When you reach the line with "Laureaci i finaliści" in the listing below, write out that line and every one after it exactly, and skip the pictures.
** Given information follows **
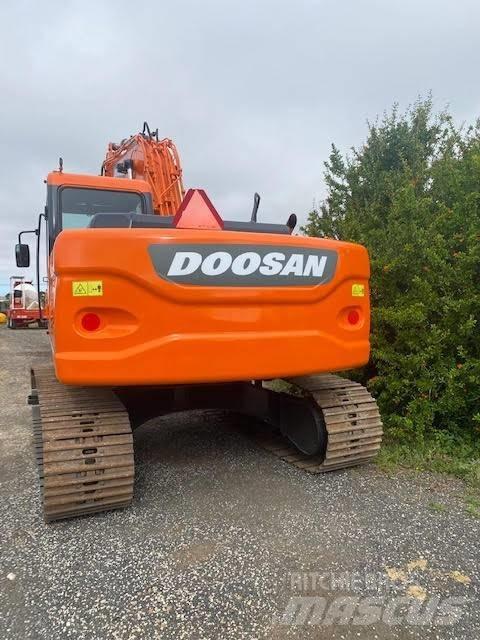 Doosan DX 180 LC Pelle sur chenilles
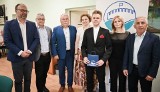 Laureaci i finaliści konkursów przedmiotowych na sesji Rady Miasta i Gminy w Kazimierzy Wielkiej. Uczniowie, z których gmina może być dumna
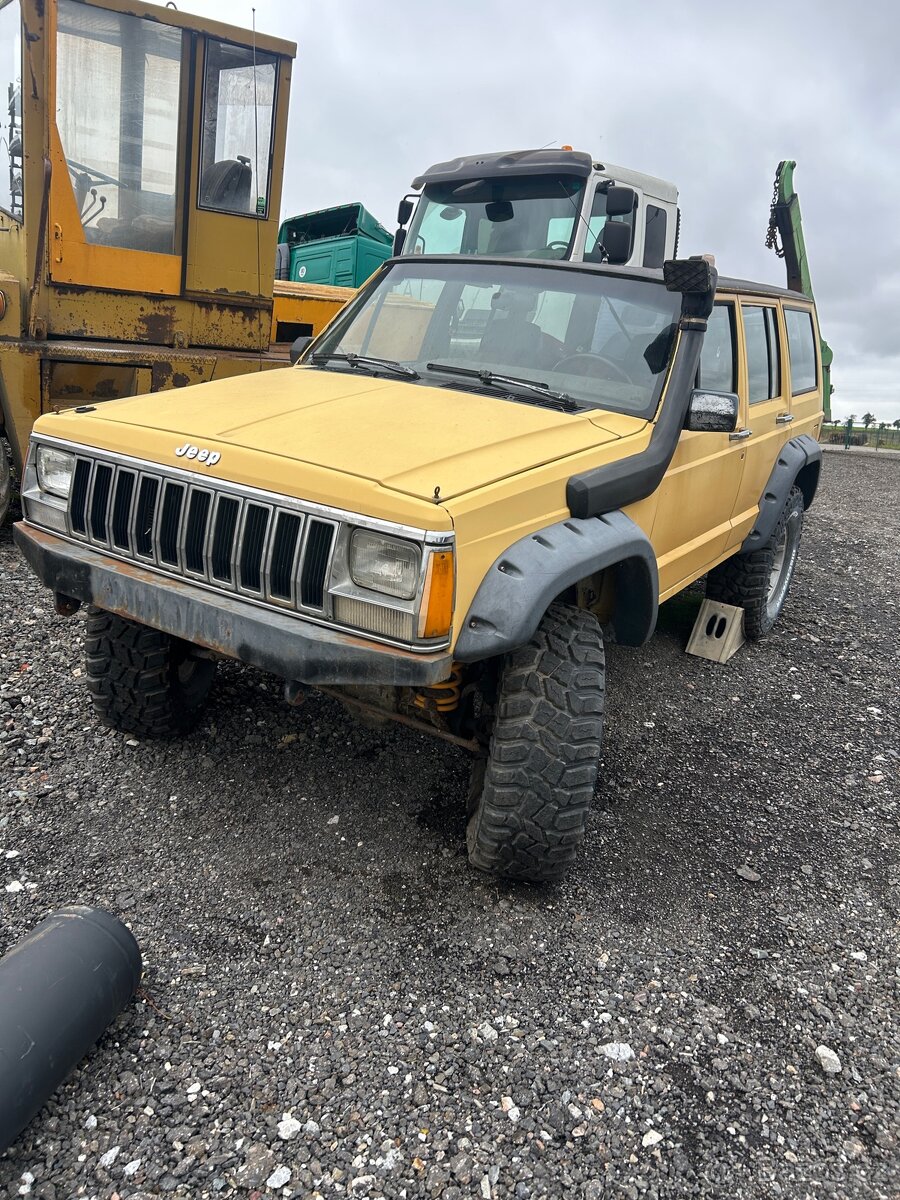 Jeep Cherokee XJ 4.0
** End of Given information **
— Your response —
 Laureaci i finaliści konkursów przedmiotowych na sesji Rady Miasta i Gminy w Kazimierzy Wielkiej. Uczniowie, z których gmina może być dumna
 Jeep Cherokee XJ 4.0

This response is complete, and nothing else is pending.